Being an exchange student is hardly easy. You have to adjust to a new country, new culture, new people, new university, and new systems. There is so much to manage – with studies and everyday life – and so little time. Because, let’s face it, the semester flies! But if you are a student-athlete, there is so much more to factor in.
But two exchange students at the University of Melbourne are taking this challenge head-on and showing that you need not just survive, but can thrive studying and playing sport in a different country.
Meet Sailor Florence (Flo) Brellisford, a third year Geophysics student from the University of Bristol in England who moved to Melbourne on exchange after competing at the 2023 World Junior Sailing Championship in July. Flo made the decision to go on exchange knowing that her spot would be safe in the squad when she goes back to her home country.
“The Royal Yachting Association (RYA - the governing body for Sailing in the UK) are always pushing the athletes to get into further education, as Sailing is not a sport that has a low cut-off age – many go to the Olympics in their 30s,”

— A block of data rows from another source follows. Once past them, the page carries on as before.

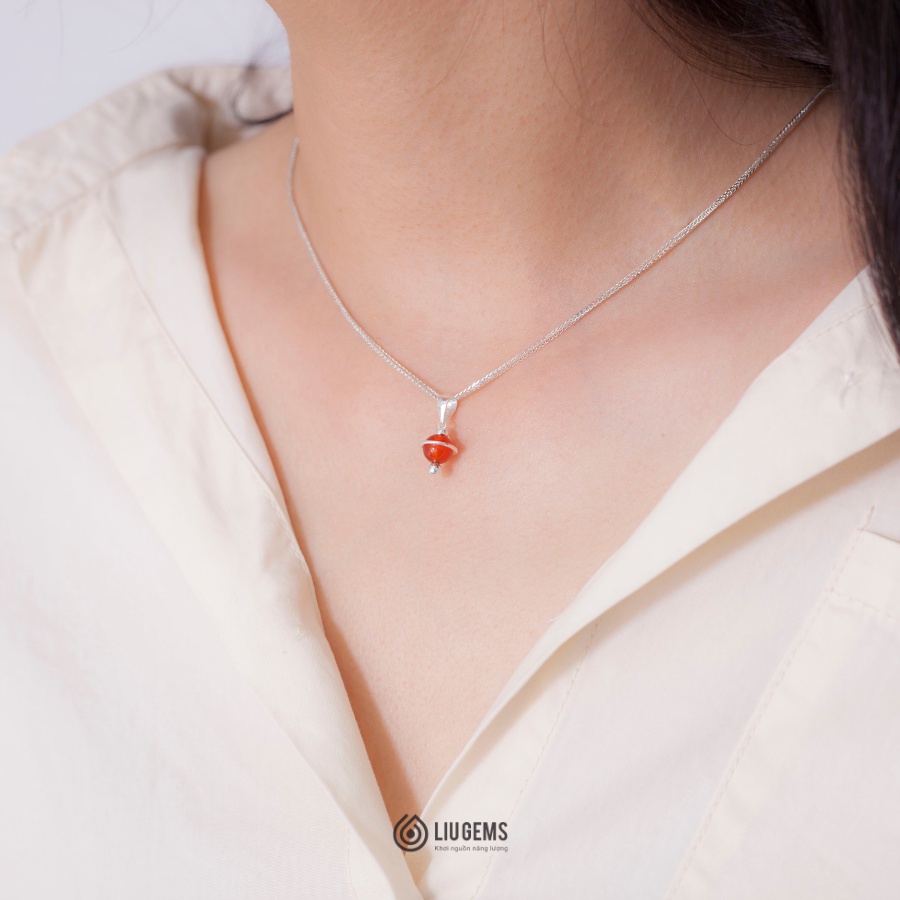 Dây Chuyền Cung Hoàng Đạo Bạc Nữ Liugems Mix Đá Phong Thuỷ Tự Nhiên DC09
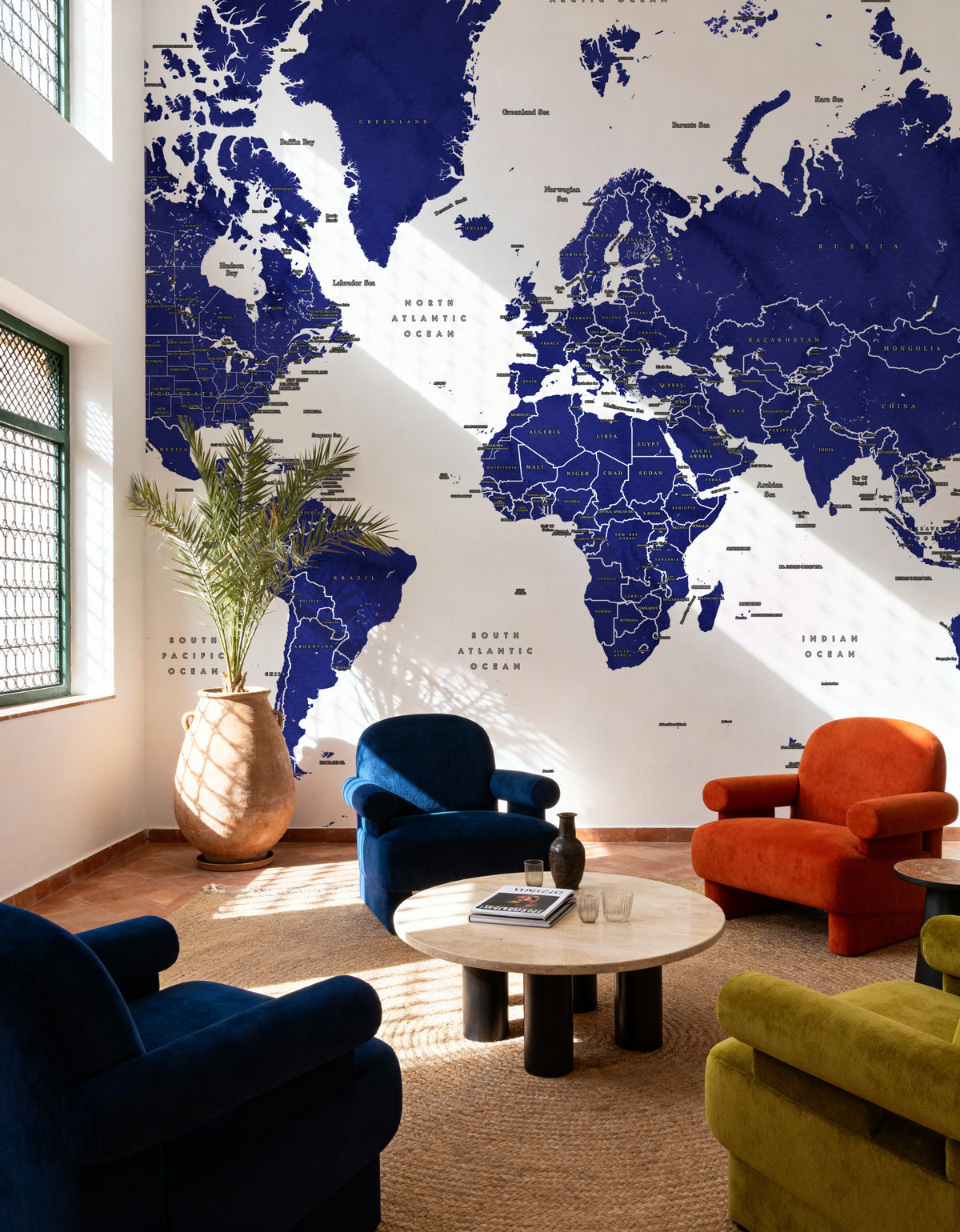 World Map - Nevin Mural Wallpaper - room preview 03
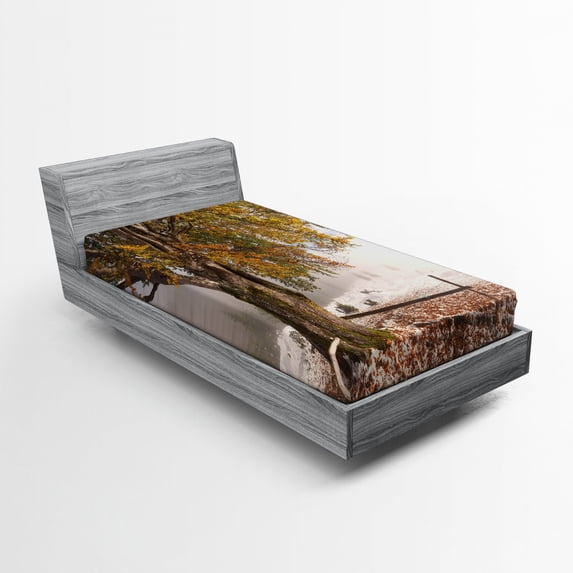 Ambesonne Tree Fitted Sheet, Snowy Nature Wintertime, Twin XL Size, Multicolor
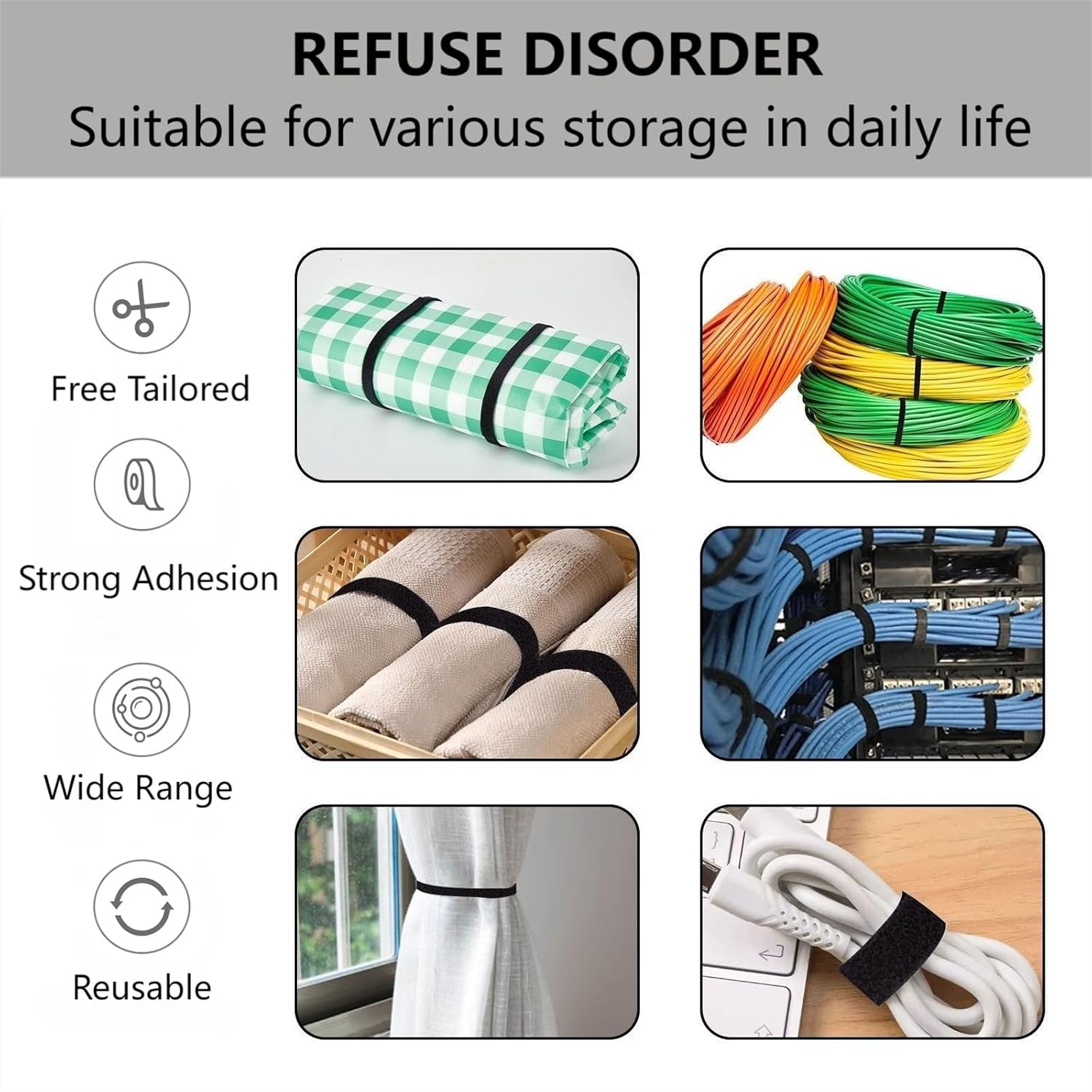 164ft Reusable Cable Ties - Ad - مراجعة Home Office Image وسعره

For a student-athlete, sport doesn’t necessarily have to be something they accommodate an exchange program around. It can also be the reason they undertake one. Rugby was the catalyst for Jackson Evarts, a Computer Science student from College of the Holy Cross, Massachusetts, USA.
“I really wanted to play Rugby outside of the US. Also, I wanted an adventure,” Jackson said.
Australia would be an easy choice for any athlete looking to go elsewhere for a while, given the strong sporting culture of the country, and it was no different for Flo. But there was something that took Jackson by surprise.
“I was expecting everyone to be crazy about Rugby around here, and I had never heard of AFL, but luckily I found the University's Rugby Club with many boys also looking to work hard to play competitively,” he said.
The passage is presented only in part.